A race-going TVR Tuscan weighs just 800 kilograms (approximately 1,760 pounds) and develops more than 450 bhp. With considerably more grunt than grip, these true “hairy-chested” sports cars exploit a concept as old as motor racing itself, giving race fans the drama and close finishes often lacking from the high financed upper echelons of modern motor sport.

Now in its tenth season, the TVR challenge has built up a worldwide following thanks to regular screenings on satellite and cable TV. Grids have set new records for this level of motor racing, with two and sometimes three races being scheduled to accommodate all of the entries.

Always with its eye on the big prize, TVR has continued to develop its GT race entry in the shape of a heavily modified Cerbera competing in the 1998 British GT series and the British rounds of the FIA GT series. The striking looking Cerbera GT scored its first outright win in the 1998 BRDC GT race at Donnington Park, England. 

The TVR Speed Twelve GT race car is an evolution of everything learnt in the 1998 season and before. Powered by the company’s own 7.7 litre V12 engine, the 800-hp Speed Twelve GT is available in road or race trim, making it the most powerful production road car in the world.

It is also the company’s most serious assault to date on the FIA GT series, and is the car TVR hopes will lead to eventual victory at the prestigious 24 hour Le Mans.
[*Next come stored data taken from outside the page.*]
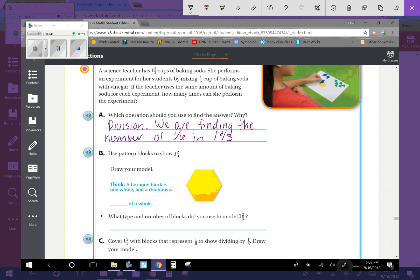So what we can do is we can use pattern blocks to show one and two-thirds. So we'll draw the model. So a hexagon is one whole and a rhombus, if we think a rhombus, it's going to be one-third of a whole.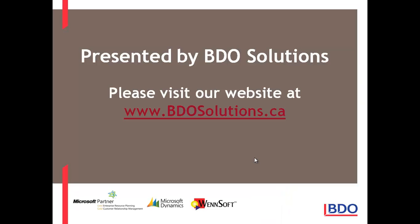Please visit our website at www.bdosolutions.ca. Have a great day!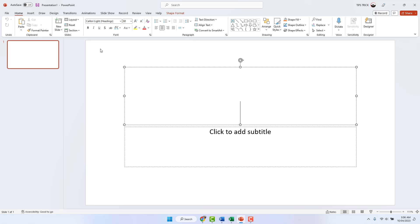Within this simple way, you can easily re-enable the toolbar ribbon tabs in your Microsoft Excel, Word, or PowerPoint. That's all for now — thanks for watching my video, see you in the next one, peace.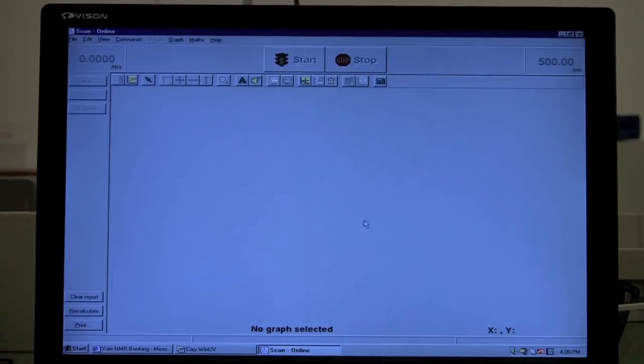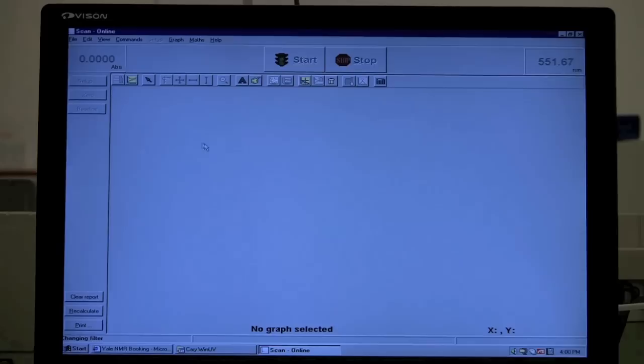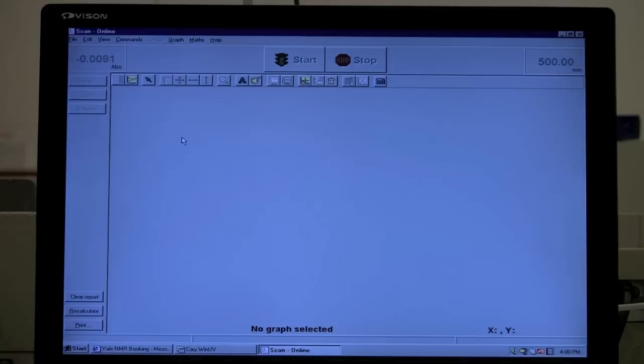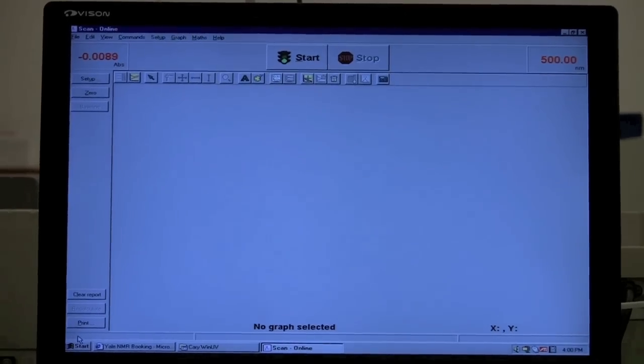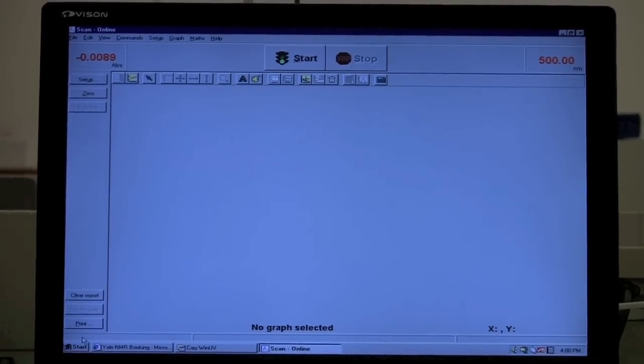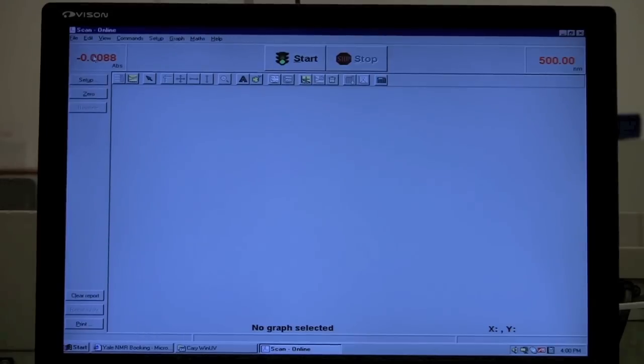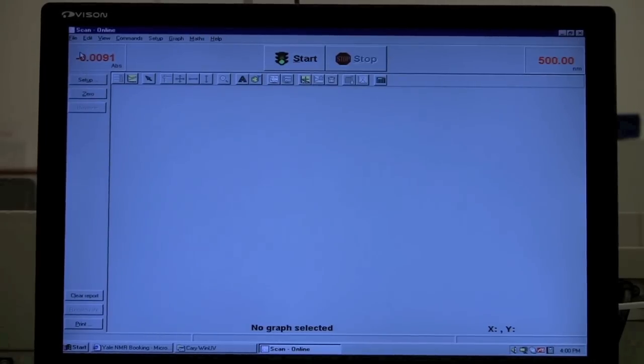So on this one, there's a couple things that you may want to do. We're waiting for it to initialize. You'll see down on the lower hand corner here if it's initializing. And then these will turn red if it's ready to go.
"Since installing the VF-3,” says Beach, “we’ve started to think more carefully about the way we make certain components for the Speed Twelve. The fabricated suspension wishbones, for example, have recently undergone a complete redesign to improve strength and reduce weight. What we have now is a component which is designed on the CAD system and machined from solid aircraft-grade aluminum alloy.” Beach stresses that components such as the wishbone are still very much at the experimental stage; but others, such as the car’s differential carrier plate, are already better than the original and will be fitted to the car at the beginning of the season. “The differential carrier was another special project for the race car. We won’t make that many during the season, but, as with other components, it means that we won’t be as dependent on subcontractors.”
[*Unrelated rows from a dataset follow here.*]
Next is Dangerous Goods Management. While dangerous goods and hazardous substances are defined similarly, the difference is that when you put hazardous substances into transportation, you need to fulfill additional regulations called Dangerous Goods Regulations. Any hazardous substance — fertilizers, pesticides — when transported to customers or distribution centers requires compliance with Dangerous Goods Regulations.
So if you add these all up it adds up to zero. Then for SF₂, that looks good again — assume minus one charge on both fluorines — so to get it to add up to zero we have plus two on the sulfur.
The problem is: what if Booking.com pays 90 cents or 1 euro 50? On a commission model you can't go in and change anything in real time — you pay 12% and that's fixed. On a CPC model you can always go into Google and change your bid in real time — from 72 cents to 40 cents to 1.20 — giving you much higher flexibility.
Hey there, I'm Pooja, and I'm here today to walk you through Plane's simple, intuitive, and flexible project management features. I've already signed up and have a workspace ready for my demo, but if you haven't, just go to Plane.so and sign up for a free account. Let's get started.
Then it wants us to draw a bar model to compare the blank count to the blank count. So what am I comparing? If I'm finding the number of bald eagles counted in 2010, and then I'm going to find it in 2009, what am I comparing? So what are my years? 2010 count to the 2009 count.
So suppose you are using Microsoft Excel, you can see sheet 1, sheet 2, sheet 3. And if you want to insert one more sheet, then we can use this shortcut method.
Another example Beach is keen to cite is that of the scavenge pump fitted to the V12. “There are seven pump elements per engine, previously needing half a day just to fit the machined component parts together. The finish and accuracy of the Haas-machined pumps allows for instant assembly, no fitting and smoother running.” 

Continuing the tradition of those race cars which could be driven to the circuit, raced and driven home, the Speed Twelve is the car that most of us 12-year-olds dreamt of during those interminable history lessons on damp Wednesday afternoons. It represents the pinnacle of TVR’s art and, just as importantly, the future of the company as a globally respected manufacturer of high-quality and very-high-performance super cars.